Entrevue Jacques Attali / Shlomo Sand, dans “L’Express” du 29 janvier au 4 février 2009. Question : « Ben Gourion a dit : “Israël est l’interprétation moderne du judaïsme”. Êtes-vous, l’un et l’autre, d’accord avec cette formule ? » La réponse de Shlomo Sand ne surprend pas : “Le judaïsme n’est ni un peuple ni une nation : c’est le premier grand monothéisme, base de tous les autres. Nous avons conservé l’univers symbolique, la sensibilité et la cosmologie du judaïsme, mais Israël en est, en quelque sorte, la négation. C’est un État laïque qui profite de la religion et l’utilise pour se justifier”. Cette affirmation parmi tant d’autres permet de prendre la mesure du dynamisme du monde juif, de la diversité des voies qu’il propose et du questionnement déjà si vaste auquel invite le jeune État d’Israël – et je précise que Shlomo Sand n’entre pas dans mes sympathies. Une remarque de Jacques Attali (qui n’entre pas plus dans mes sympathies) rejoint ce que j’ai écrit quelque part : “A maints égards, l’existence de l’État palestinien est beaucoup plus importante pour la survie d’Israël qu’elle ne l’est pour les pays arabes”.
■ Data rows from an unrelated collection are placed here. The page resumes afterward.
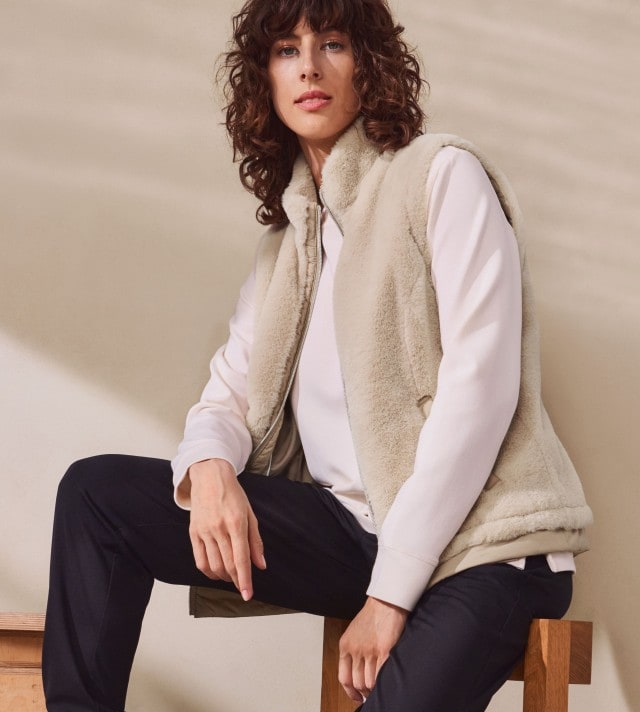 Eine Frau trägt eine helle Fleeceweste über einem weißen Langarmshirt. Dazu kombiniert sie eine schwarze Hose für ein sportlich-gemütliches Outfit.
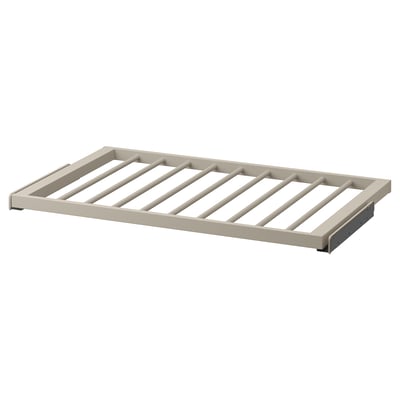 KOMPLEMENT trouser hanger in beige, modern design with slatted structure, sturdy steel frame, smooth surface for easy access.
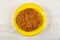 Oat cookie with sunflower seeds in yellow saucer on table. Top view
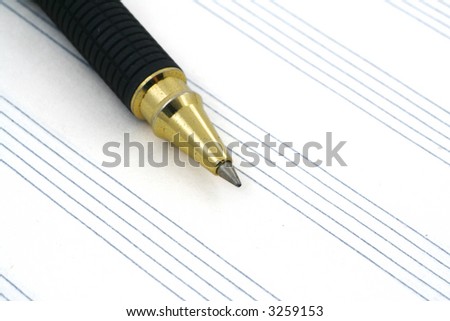 close-up of stave and ballpoint pen tip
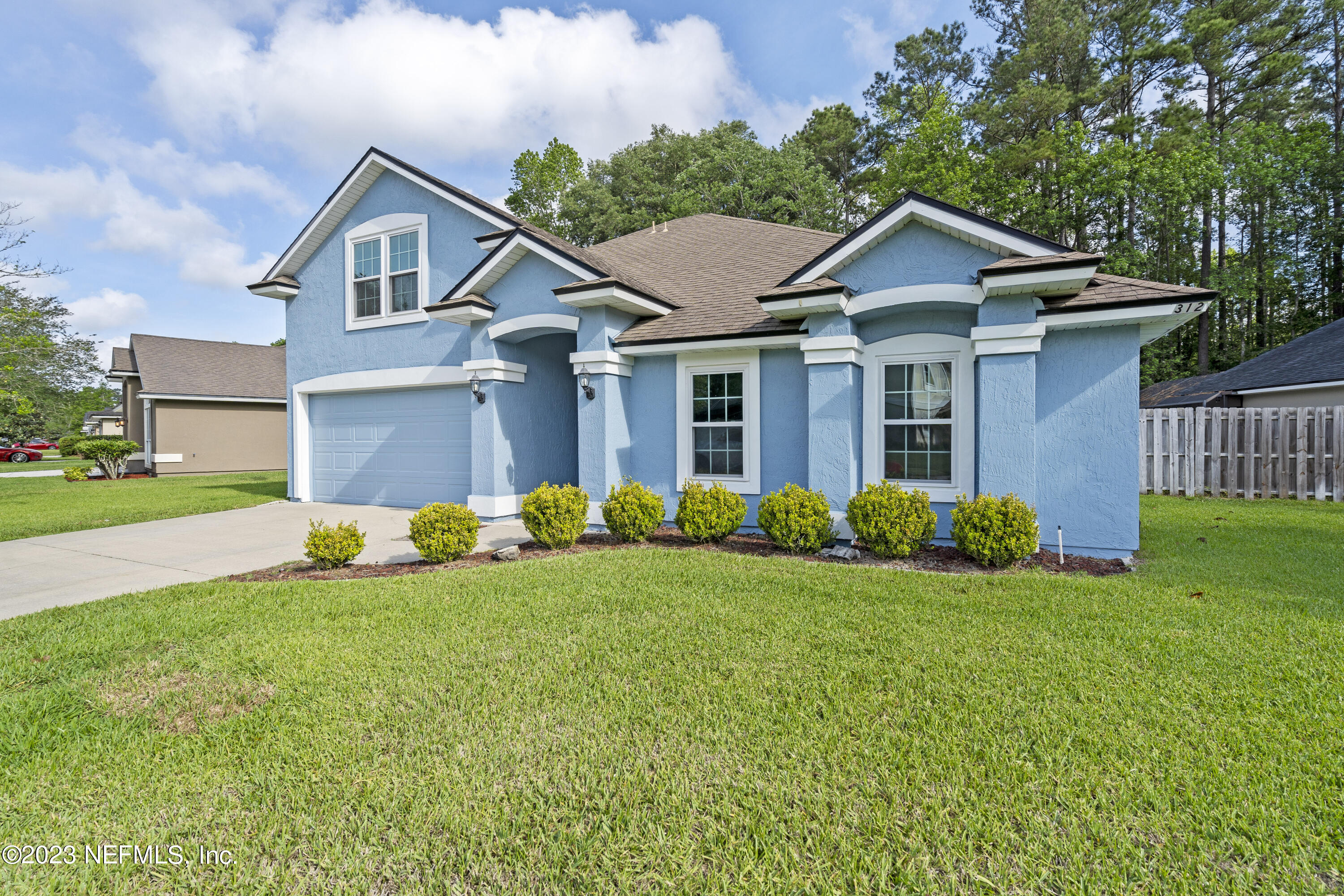 312 West Tropical Trace St. Johns, FL 32259 - Photo 3 of 57 a front view of a house with a yard and garage
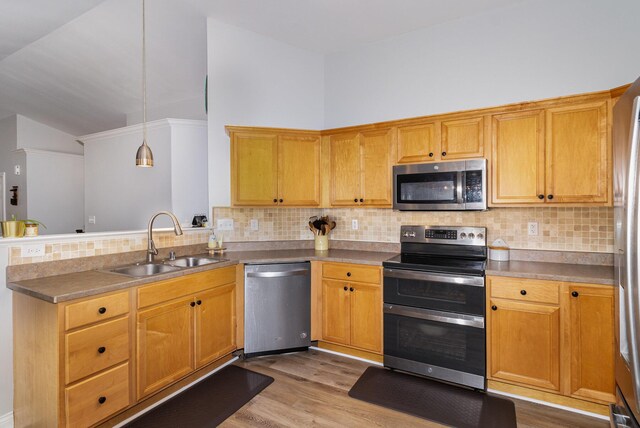 kitchen featuring sink, stainless steel appliances, backsplash, pendant lighting, and light wood-type flooring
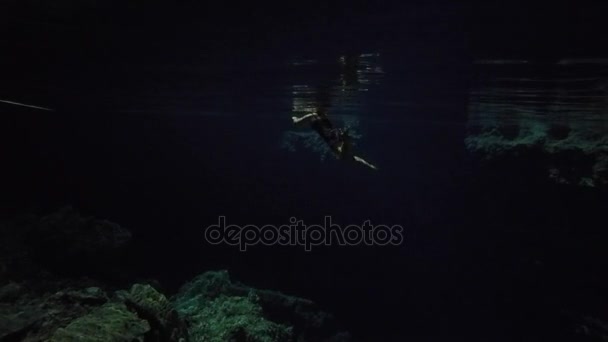 Junge Frau schwimmt in dunkler Cenote — Stockvideo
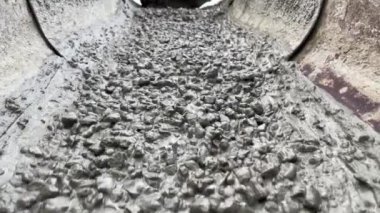 Pouring concrete mix on concreting form work. Forming, an essential part of the entire building process. Before concrete can be poured, forms need to be built to hold the concrete in place. Slow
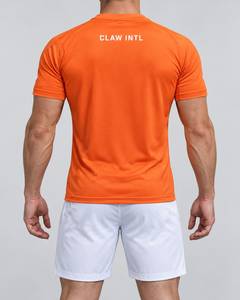 เสื้อฟุตบอลแขนสั้นสีส้มสำหรับผู้ชาย Claw Intl ระบายอากาศได้ดี ทรงพอดีตัว คอกลม มีโลโก้ด้านหลัง - Product Image 6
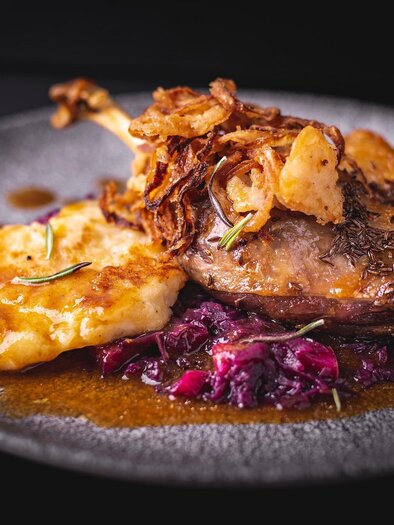 Ein Gericht mit zartem Fleisch, knusprigen Zwiebeln und einer leckeren Sauce. Dazu gibt es Kartoffelpüree und Rotkohl. | © Winterleitenhütte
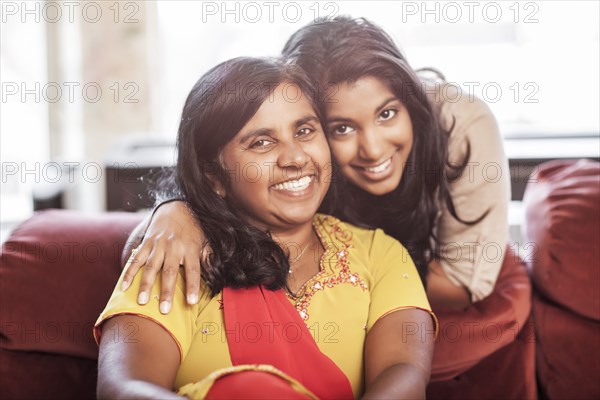 Smiling Indian mother and daughter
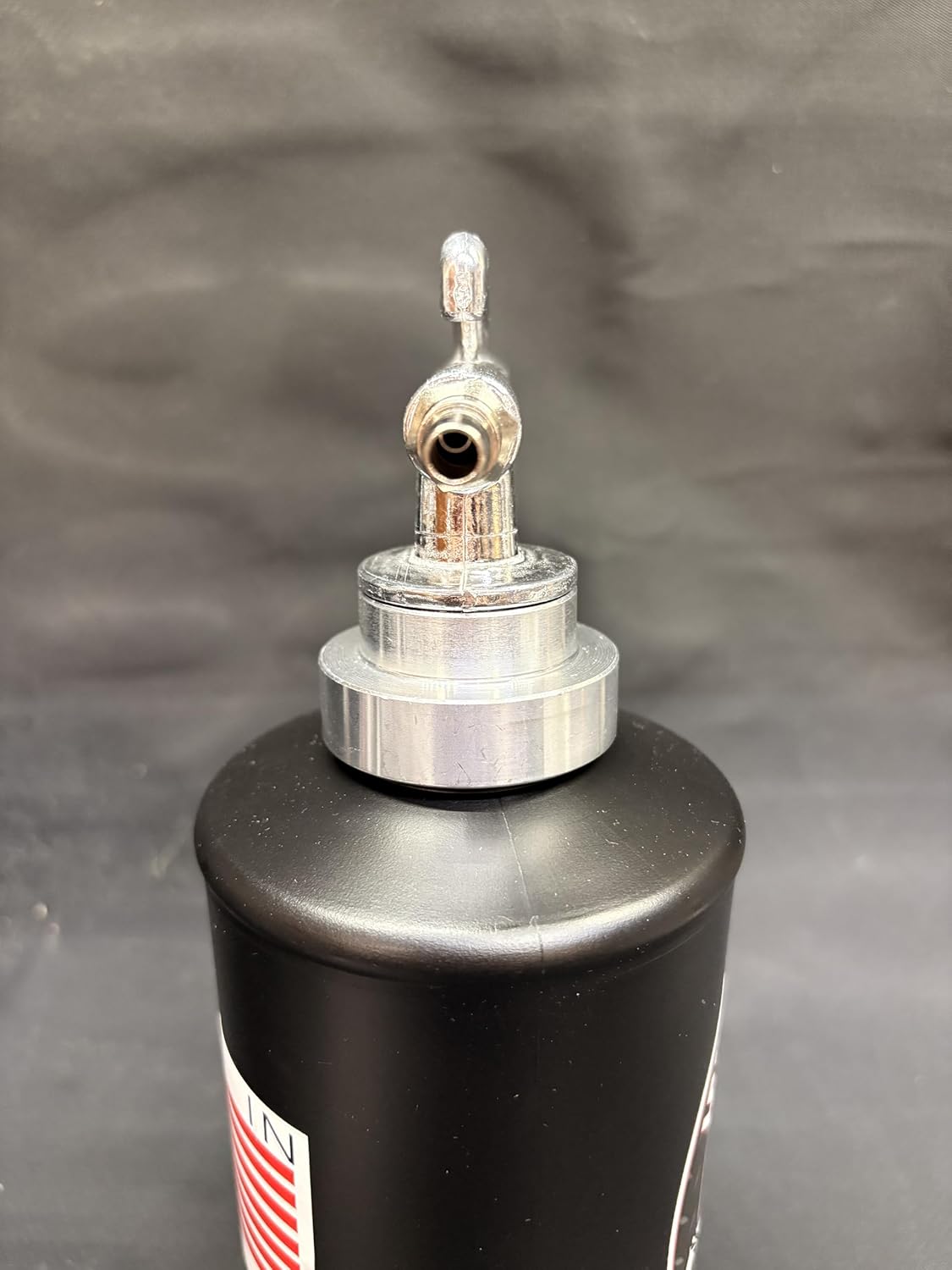 Gal. Fluid Film Amber, Semi Pro Undercoating Gun, 1 Wand, 2 W Qt. Bottles, and 50 Rust Plugs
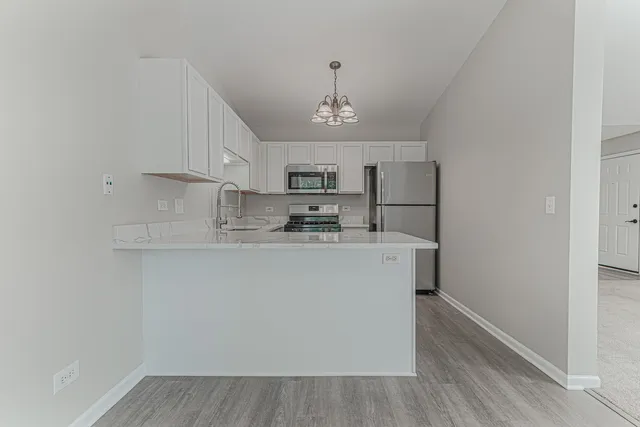a utility room with cabinets washer and dryer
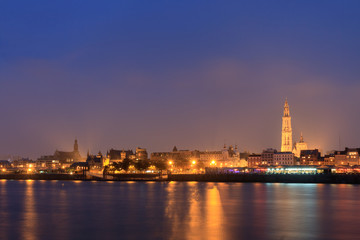 Fototapeta na wymiar Beautiful cityscape of the skyline of Antwerp, Belgium, during the blue hour seen from the shore of the river Scheldt 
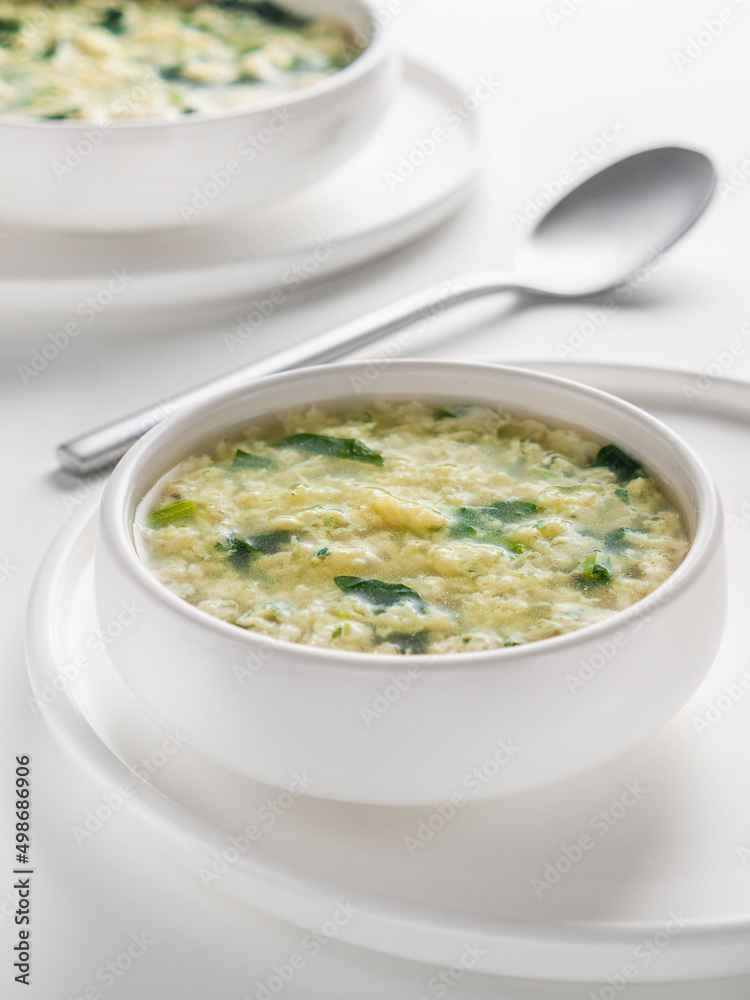 Fresh homemade Italian soup Stracciatella alla Romana with spinach. Egg drop soup. Vertical. Selective focus. High key. Fresh homemade Italian soup Stracciatella alla Romana with spinach. Egg drop soup. Vertical. Selective focus. High key.
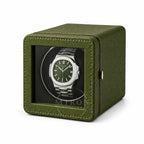 Green watch winder with a luxury Patek Philippe watch inside 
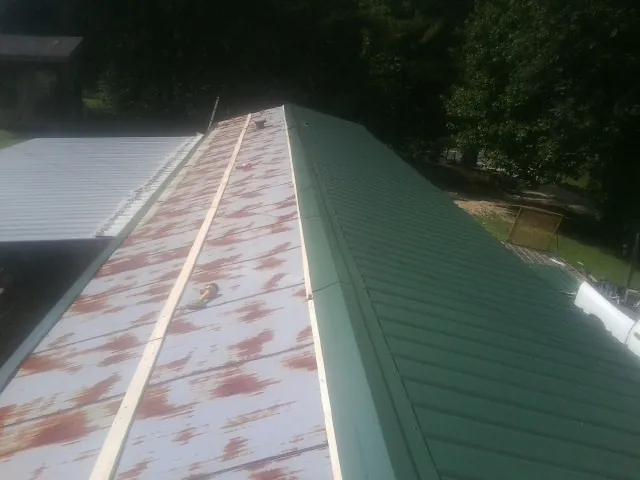 Old rusted panels beside newly installed green metal roofing — Wind Damage Roof Repair by Roofing Brothers in Red Bud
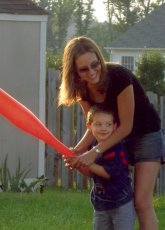 Adoptive Family Photo: Krissy Helping Her Nephew <br>Play Baseball, click to view bigger version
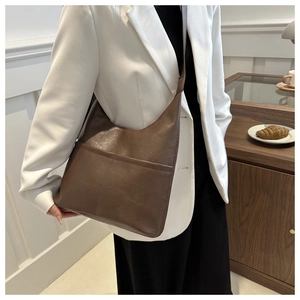 Detail of dark brown faux leather tote with textured surface and large front pocket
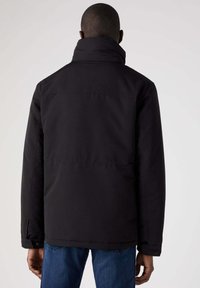 Czarna izolowana kurtka z wysokim kołnierzem i długimi rękawami. Posiada prosty krój i widoczne szwy. Wykonana z trwałego materiału.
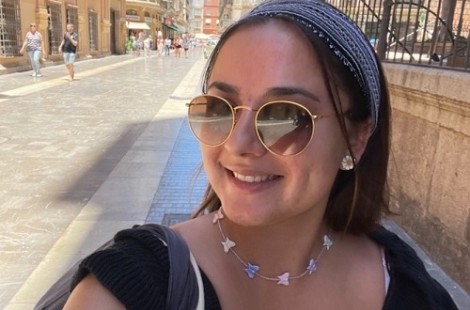 Malini is standing in a Spanish street, wearing sunglasses and smiling.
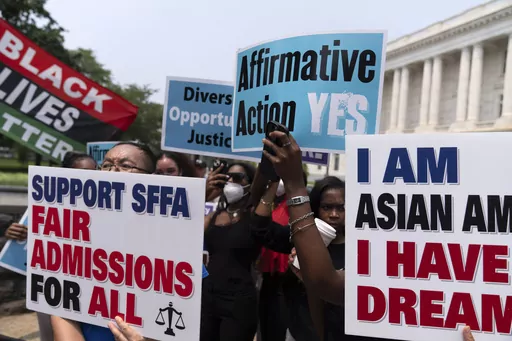 Demonstrators protest outside of the Supreme Court in Washington, Thursday, June 29, 2023, after the Supreme Court struck down affirmative action in college admissions, saying race cannot be a factor. Days after the Supreme Court outlawed affirmative action in college admissions, activists say they will sue Harvard over its use of legacy preferences for children of alumni. (AP Photo/Jose Luis Magana, File)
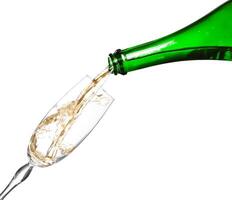 Champagne being poured into glass or flute, isolated on a white background. photo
Musée des Beaux-Arts de Saïgon, un édifice de la période coloniale qui fut la demeure d’un marchand chinois. Très imposantes corniches en doucine. Vaste cour intérieure et passage intérieur avec colonnettes trapues recouvertes d’un émail bleu vert. Au rez-de-chaussée, de la céramique chinoise et japonaise avec cette oscillation remarquable entre minimalisme et maniérisme au cours des siècles. Nombreuses œuvres contemporaines qui traitent pour l’essentiel de la lutte contre les colonialistes et les impérialistes, avec l’Oncle Hô en figure de proue. Sur ce thème, de remarquables peintures et gravures sur laque (certaines évoquent les Nabis), des dessins à l’encre ou au crayon, des aquarelles et des gravures sur bois. Le musée n’est guère soigné, ce qui ne me déplaît pas : ainsi ne fait-il pas vraiment musée, ainsi sent-on encore la maison particulière. La gravure sur laque est très prisée des artistes vietnamiens. C’est une technique puissamment illustrative. Il est instructif en parcourant ces salles de s’exercer à lire les influences venues d’Europe, de France en particulier. A l’étage supérieur, de la céramique vietnamienne. Ma préférence une fois encore pour la céramique des Trần. Intéressante production en bronze XIXème siècle et début XXème siècle, les brûle-parfums plus particulièrement. De très rustiques statues funéraires en bois début XXème siècle, parmi lesquelles des soldats français reconnaissables à leurs képis. Petite salle de sculptures du Champa, le plus souvent des fragments en grès, bas-reliefs et hauts-reliefs. Une petite salle de sculptures du delta du Mékong (IVème siècle – XIIIème siècle), en bois ou en pierre. De remarquables fragments post-Óc Eo, corps masculins et féminins avec une fluidité des lignes et des volumes bien indienne. Touffeur et moiteur. Il arrive que je m’attarde sous des ventilateurs. Par les fenêtres, un ciel d’un bleu très pâle presque sale. Il n’y a pas de gardien dans ce musée, aussi mes mains s’attardent-elles sur des courbes féminines. Et je me revois, au Louvre, suivant de l’index l’arête du nez d’Aspasie (Aphrodite Sosandra).